▶ [TASK DESCRIPTION] Before copying the entries, remove the pictures; everything else stays exactly as it is.

▶ [DATA TO EXAMINE]
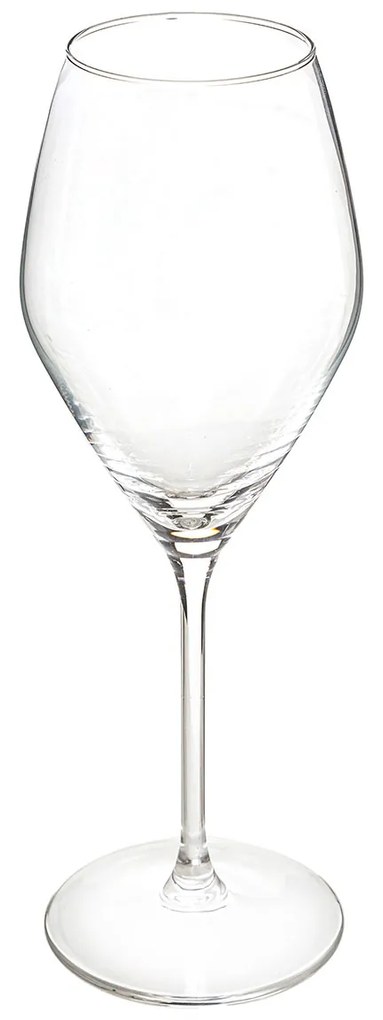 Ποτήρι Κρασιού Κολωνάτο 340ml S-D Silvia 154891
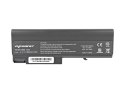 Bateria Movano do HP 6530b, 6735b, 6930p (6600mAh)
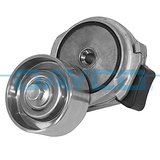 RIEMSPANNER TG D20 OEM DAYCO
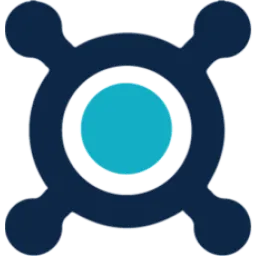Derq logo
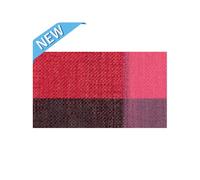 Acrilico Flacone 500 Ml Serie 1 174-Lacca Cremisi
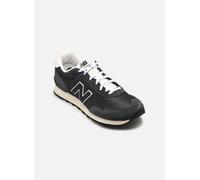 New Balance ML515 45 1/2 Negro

▶ [ANSWER]
 Ποτήρι Κρασιού Κολωνάτο 340ml S-D Silvia 154891
 Bateria Movano do HP 6530b, 6735b, 6930p (6600mAh)
 RIEMSPANNER TG D20 OEM DAYCO
Derq logo
 Acrilico Flacone 500 Ml Serie 1 174-Lacca Cremisi
 New Balance ML515 45 1/2 Negro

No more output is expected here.